§ WORK INSTRUCTION: Copy the following data exactly and drop the pictures.
*** COLLECTED MATERIAL ***
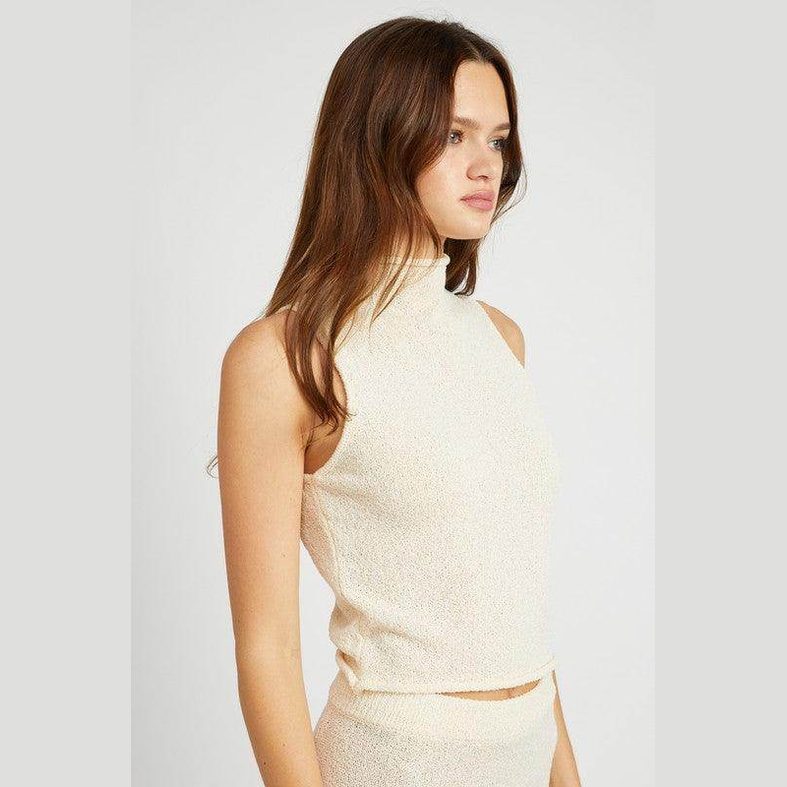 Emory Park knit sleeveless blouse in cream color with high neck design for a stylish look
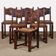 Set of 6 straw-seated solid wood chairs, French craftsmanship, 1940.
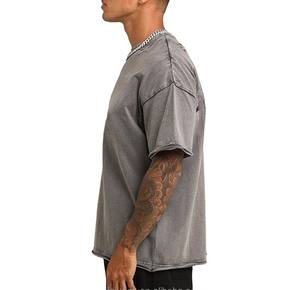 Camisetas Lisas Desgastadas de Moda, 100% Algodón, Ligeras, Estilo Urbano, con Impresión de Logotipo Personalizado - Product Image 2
*** End of COLLECTED MATERIAL ***
§ RESULT OF THIS EXERCISE:
 Emory Park knit sleeveless blouse in cream color with high neck design for a stylish look
 Set of 6 straw-seated solid wood chairs, French craftsmanship, 1940.
 Camisetas Lisas Desgastadas de Moda, 100% Algodón, Ligeras, Estilo Urbano, con Impresión de Logotipo Personalizado - Product Image 2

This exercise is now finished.